PROBLEM DESCRIPTION
Write out the entries again. Match each one exactly.

DATA SHOWN
-=-=-=-=-
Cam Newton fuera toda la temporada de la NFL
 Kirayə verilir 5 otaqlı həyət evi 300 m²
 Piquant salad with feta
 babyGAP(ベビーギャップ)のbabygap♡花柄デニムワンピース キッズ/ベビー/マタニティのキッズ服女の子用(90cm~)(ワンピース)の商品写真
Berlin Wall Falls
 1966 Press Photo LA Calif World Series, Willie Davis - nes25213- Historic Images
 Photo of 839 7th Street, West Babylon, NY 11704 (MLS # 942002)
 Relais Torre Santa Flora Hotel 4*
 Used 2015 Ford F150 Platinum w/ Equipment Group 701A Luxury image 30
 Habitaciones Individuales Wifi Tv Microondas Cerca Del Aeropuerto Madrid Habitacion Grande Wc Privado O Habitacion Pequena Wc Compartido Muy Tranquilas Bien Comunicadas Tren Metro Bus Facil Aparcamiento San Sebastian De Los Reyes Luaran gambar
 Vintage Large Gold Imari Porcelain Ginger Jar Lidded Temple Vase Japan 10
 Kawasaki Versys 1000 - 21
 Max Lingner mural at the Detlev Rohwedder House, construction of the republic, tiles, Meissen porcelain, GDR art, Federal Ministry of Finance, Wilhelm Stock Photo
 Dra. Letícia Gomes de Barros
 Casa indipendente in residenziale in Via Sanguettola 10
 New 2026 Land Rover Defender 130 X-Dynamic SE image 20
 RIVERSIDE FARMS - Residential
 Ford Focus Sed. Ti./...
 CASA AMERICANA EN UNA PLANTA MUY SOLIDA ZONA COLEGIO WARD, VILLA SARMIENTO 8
-=-=-=-=-
EXERCISE OUTPUT
Cam Newton fuera toda la temporada de la NFL
 Kirayə verilir 5 otaqlı həyət evi 300 m²
 Piquant salad with feta
 babyGAP(ベビーギャップ)のbabygap♡花柄デニムワンピース キッズ/ベビー/マタニティのキッズ服女の子用(90cm~)(ワンピース)の商品写真
Berlin Wall Falls
 1966 Press Photo LA Calif World Series, Willie Davis - nes25213- Historic Images
 Photo of 839 7th Street, West Babylon, NY 11704 (MLS # 942002)
 Relais Torre Santa Flora Hotel 4*
 Used 2015 Ford F150 Platinum w/ Equipment Group 701A Luxury image 30
 Habitaciones Individuales Wifi Tv Microondas Cerca Del Aeropuerto Madrid Habitacion Grande Wc Privado O Habitacion Pequena Wc Compartido Muy Tranquilas Bien Comunicadas Tren Metro Bus Facil Aparcamiento San Sebastian De Los Reyes Luaran gambar
 Vintage Large Gold Imari Porcelain Ginger Jar Lidded Temple Vase Japan 10
 Kawasaki Versys 1000 - 21
 Max Lingner mural at the Detlev Rohwedder House, construction of the republic, tiles, Meissen porcelain, GDR art, Federal Ministry of Finance, Wilhelm Stock Photo
 Dra. Letícia Gomes de Barros
 Casa indipendente in residenziale in Via Sanguettola 10
 New 2026 Land Rover Defender 130 X-Dynamic SE image 20
 RIVERSIDE FARMS - Residential
 Ford Focus Sed. Ti./...
 CASA AMERICANA EN UNA PLANTA MUY SOLIDA ZONA COLEGIO WARD, VILLA SARMIENTO 8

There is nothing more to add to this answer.